In the current PoS Ethereum ↔ MEV world the relays exist in order to broker the communications between the builders and the validators. Validators are able to opt-in to outsource block construction by running a sidecar piece of software that does the “requesting” of the blocks. Assuming the two roles are logically separated, one of the fundamental problems is that the two parties do not trust each other. If block construction is outsourced and sent over with a bid to the validator directly, a validator willing to run extra software will be able to take it for themselves by modifying the block and claiming they have built it, with no way for the builder to prove malfeasance.

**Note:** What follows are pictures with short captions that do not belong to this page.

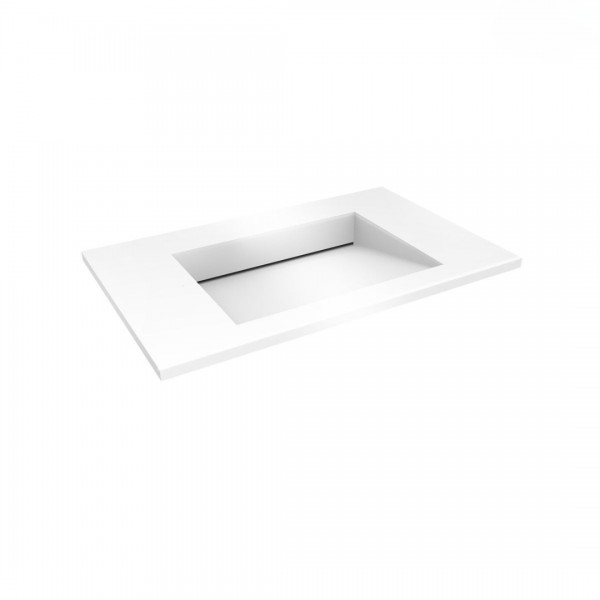 Oltens Stila umywalka 100x45 cm meblowa prostokątna LavaForm biały mat 40203900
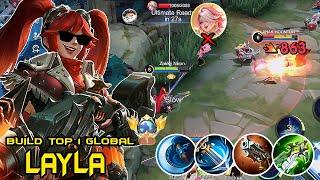 TOP 1 GLOBAL LAYLA NEW BEST 1 HIT BUILD 2024!!(Recommended Build) BUILD TOP 1 GLOBAL LAYLA ~ MLBB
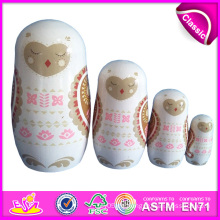 2014 neue Produkte Matryoshka Puppen für Kinder, Qualitätsprodukte Matryoshka für Kinder, handgemachte russische Matryoshka Puppenfabrik W06D035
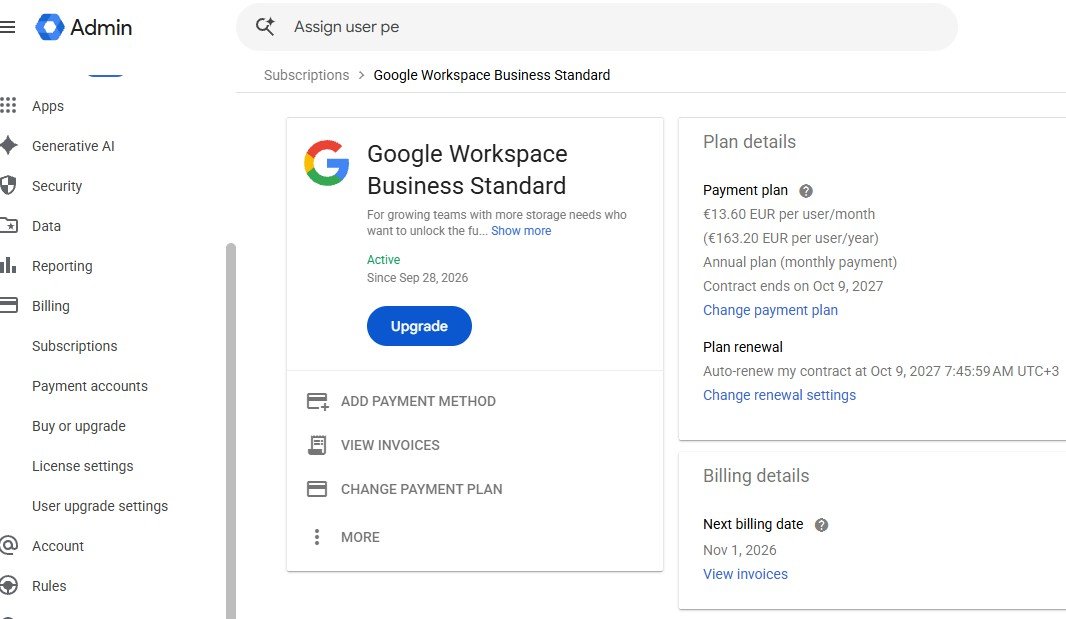 Google Workspace Business Standard: Η ισχυρή εναλλακτική στο Google One για απαιτητικούς χρήστες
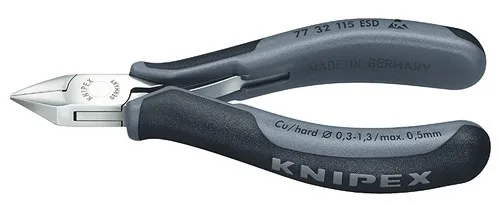 Štípací kleště pro elektroniku ESD boční Knipex 115 mm Štípací kleště pro elektroniku ESD boční Knipex 115 mm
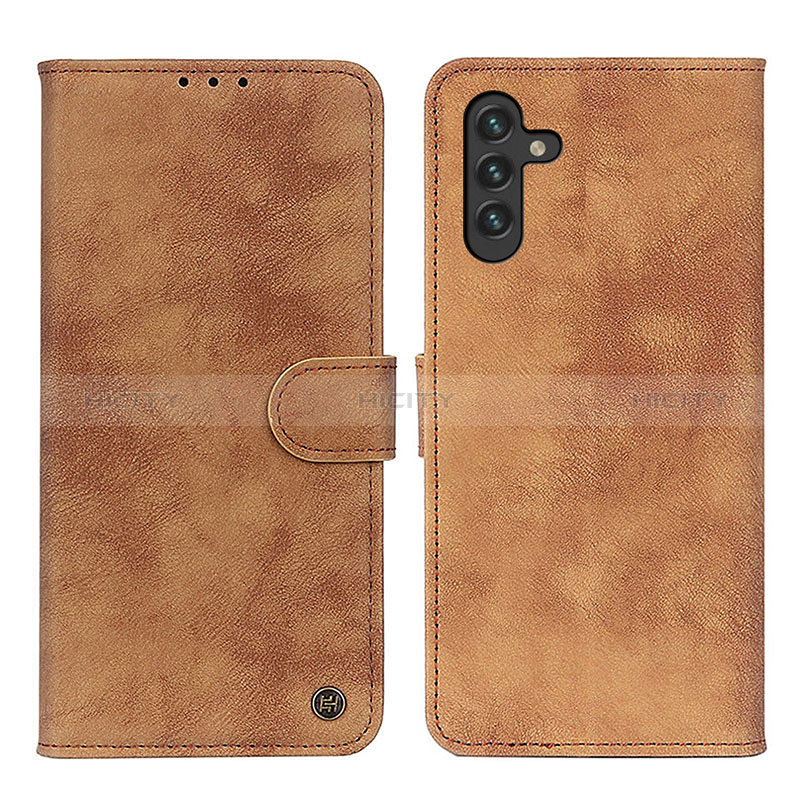 Custodia Portafoglio In Pelle Cover con Supporto N03P per Samsung Galaxy A04s Marrone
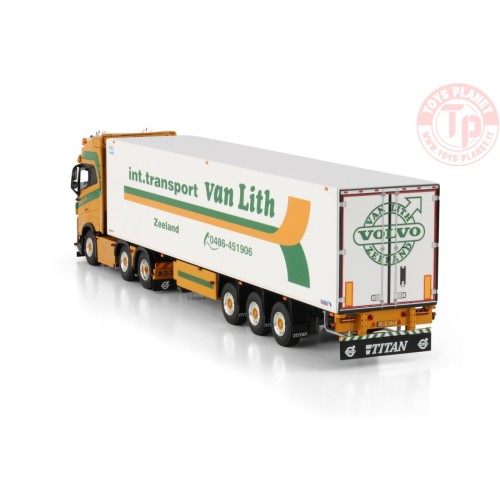 VOLVO FH5 GLOBETROTTER XL 6X2 TWIN STEER REEFER TRAILER - 3 AXLE Van Lith WSI 01-4708 WSI MODELS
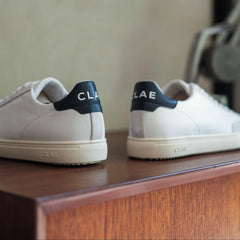 White Leather Navy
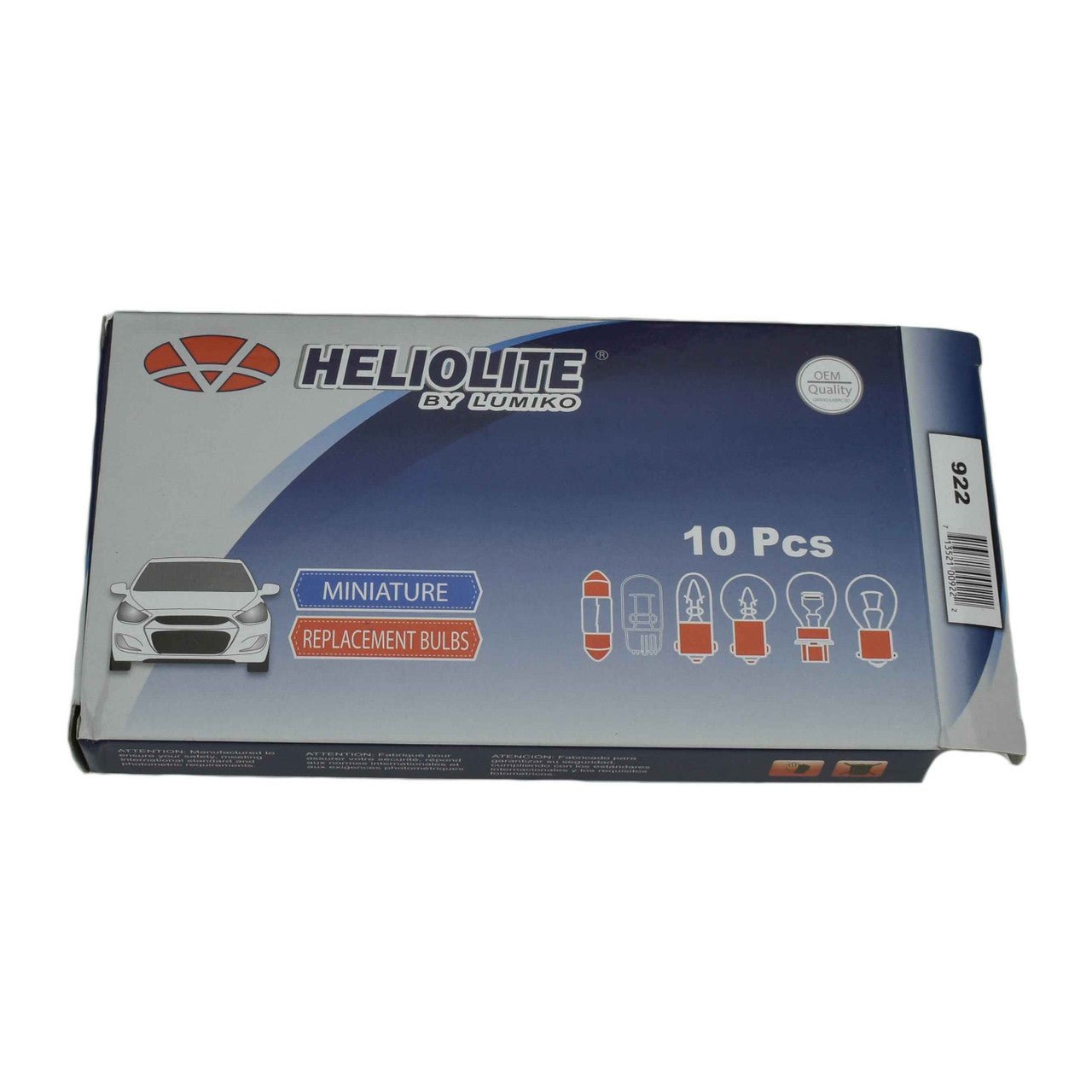 922 Light Bulb - 12v 13w - W2.1x9.5d - Buy Auto Supply - Box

At the same time, a builder tasked with providing blocks for proposers that are “dumb”, and await blocks that they will blindly propose, may have incentives to grief all or specific proposers by building invalid blocks that may claim to payout the proposer a big sum of money in return for block inclusion but in reality have transactions/block data that are invalid w.r.t consensus. We also have no guarantees about builder / proposer relationships: it may be the case at any given time that both the builder and the validator are under the control of the same entity. Separating the two roles is mainly about sweeping many problems to a single side (the one where the validator isn’t on).

With respect to the block delivery pipeline, the relay has a set of tasks to perform to satisfy a set of conditions. On the block building side, the relays receive submissions from multiple block builders, validate that those submissions are valid, and store them in the database to await delivery when requested. On the validator side, the relays process registrations from validators that allow validators to express block preferences and await requests to deliver a block when the validator receives their turn to propose a block to the network. Here is a diagram of the specific multi-step process of how a block gets delivered when the construction is outsourced to the builder network:

Image Not Showing Possible Reasons

The image file may be corrupted
The server hosting the image is unavailable
The image path is incorrect
The image format is not supported

Learn More →

(from https://hackmd.io/A2uex3QFSfiaJJ9BKxw-XA)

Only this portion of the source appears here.